When your child begins kindergarten, immediately request a formal IPP development meeting with the school's Learning Team. Do not wait for the school to schedule this at a convenient time. Put the request in writing within the first two weeks of school.

At that meeting, bring:

  • Your child's current assessment reports (updated if possible)
  • A list of the specific supports your child received in the PUF program (EA hours, therapy access, program structure)
  • Documentation of your child's functional levels and progress from the ECS centre

Your goal is to ensure the school has a complete, accurate picture of your child's needs from day one — not a picture assembled over several months as the child struggles without adequate support.

Request that the IPP reflect:

  • The specific EA hours and support structure the child requires to access the curriculum
  • Any specialized equipment or sensory accommodations from the ECS setting
  • A transition support plan for the first semester, acknowledging that the shift from ECS to a kindergarten environment is itself a significant adjustment for the child

The Duty to Accommodate Does Not End at PUF

The transition out of PUF does not eliminate the school's legal obligations. The Alberta Human Rights Act duty to accommodate applies equally in Kindergarten as it did in ECS. If the school's K-12 program fails to provide the level of support necessary for your child to meaningfully access the kindergarten curriculum, that failure may constitute a failure to accommodate a disability.

A school that offers two hours of weekly EA time to a child who functioned with eight hours of daily support in PUF — without conducting a formal undue hardship analysis — is not necessarily meeting its legal obligations, regardless of what the coding formula suggests.
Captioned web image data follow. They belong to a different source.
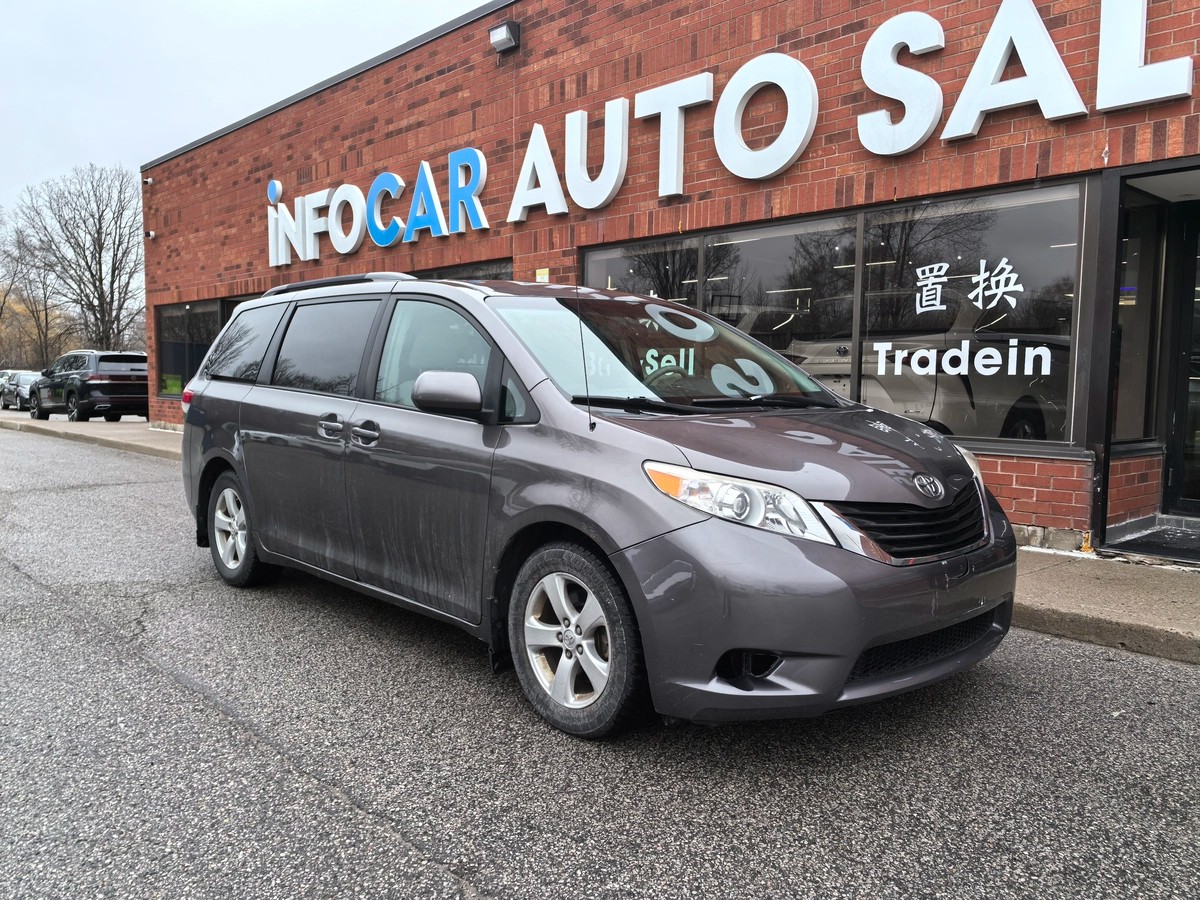 2011 Toyota Sienna LE 8-PASS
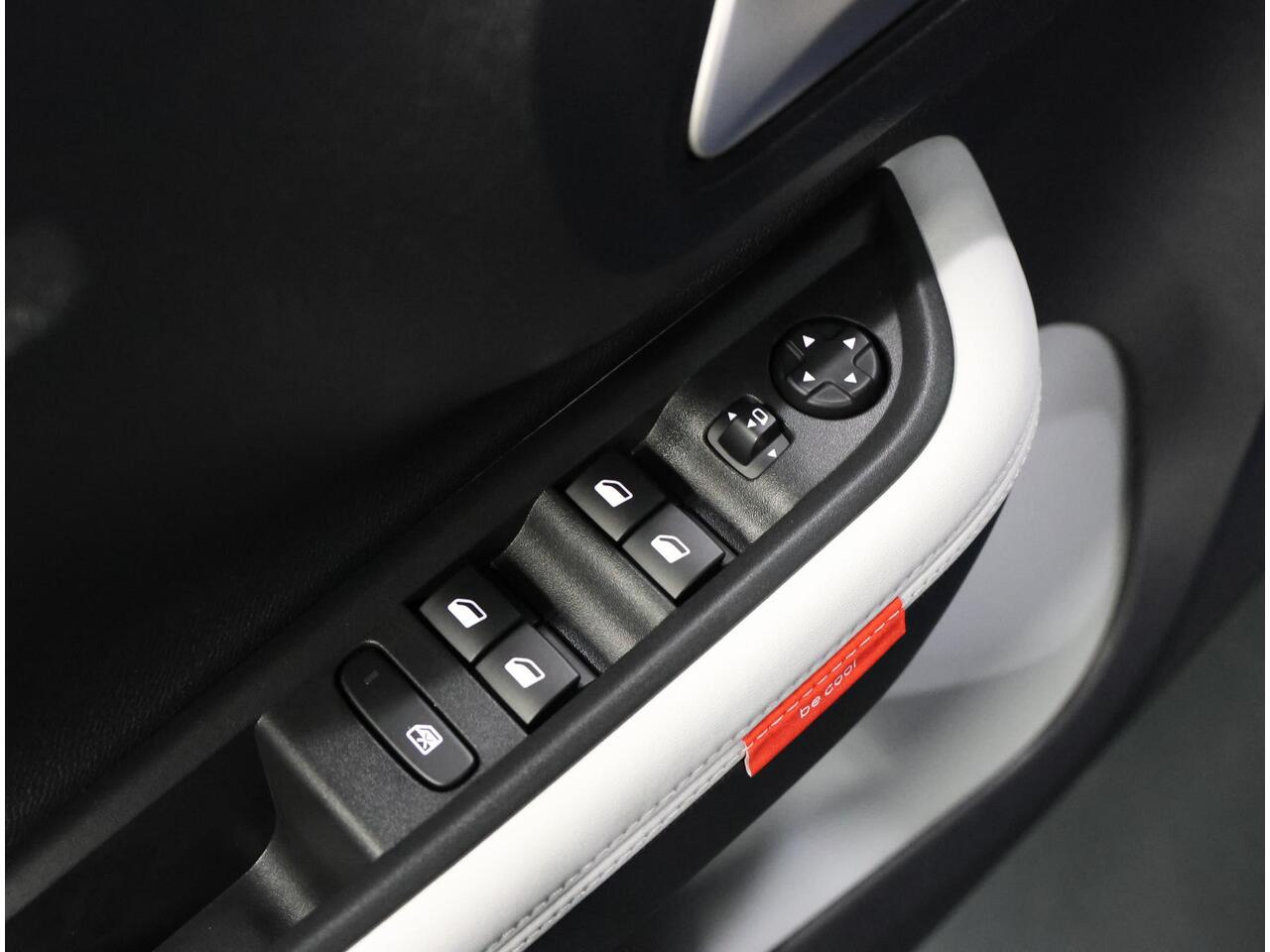 Citroen C3 Ë-C3 Max 113PK 44 kWh | Navigatie | ClimateControl | AppleCarplay/AndroidAuto | Camera | CruiseControl | Comfortstoelen |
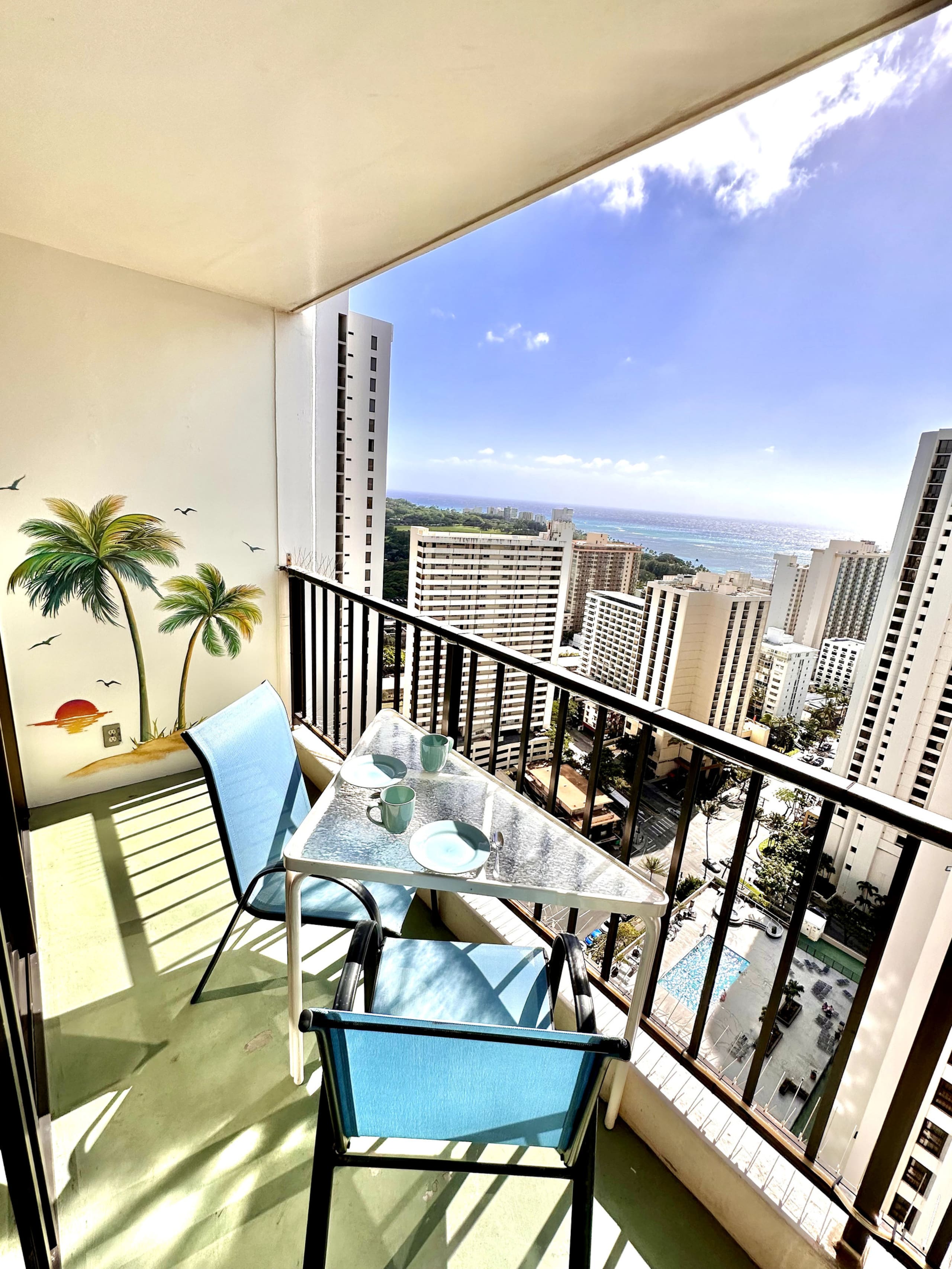 Kingsize bed | near Waikiki beach | Free Parking! - Image 24
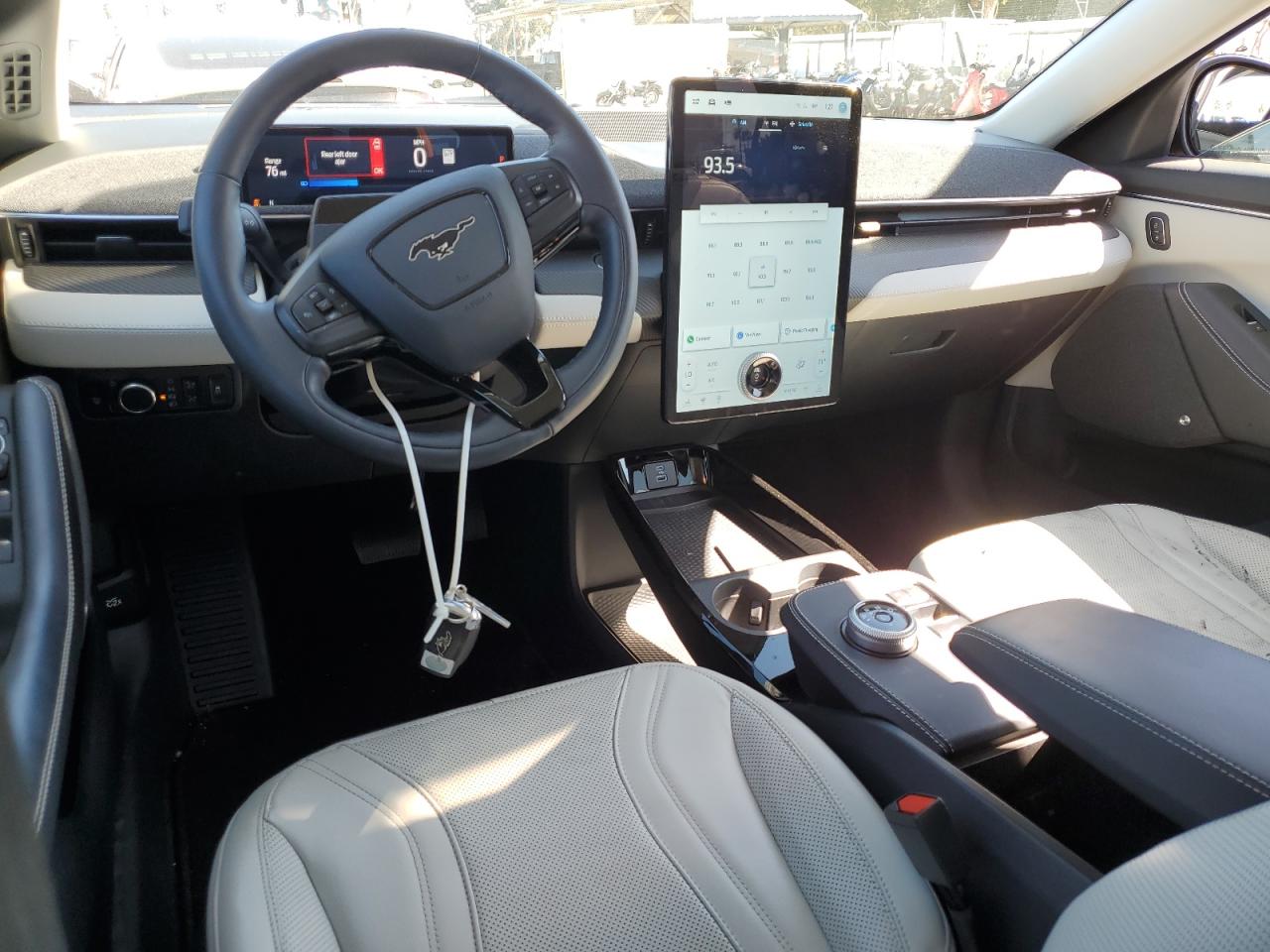 FORD MUSTANG PREMIUM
Document the gap. Put your concerns in writing. Request a written explanation of how the school's proposed support level meets the duty to accommodate.

The Alberta Special Ed Advocacy Playbook includes a transition planning checklist for the ECS-to-K-12 shift, an IPP request template for kindergarten entry, and the specific language for invoking the duty to accommodate when post-PUF supports fall short.

If Your Child Is Not Yet in ECS

If your child has not yet been assessed for PUF eligibility and you believe they may qualify, contact your local school board's Early Childhood Services coordinator or Inclusive Learning team immediately.

PUF assessments must be conducted by qualified professionals — registered Speech-Language Pathologists for language delays, registered psychologists for cognitive and developmental assessments. Referrals can come from pediatricians, family physicians, or parents directly through school boards.

Time is critical because PUF eligibility is age-limited. A child assessed at age four and eight months is near the top of the window. Every month of early intervention before the kindergarten transition is a month of intensive support that cannot be recovered afterward.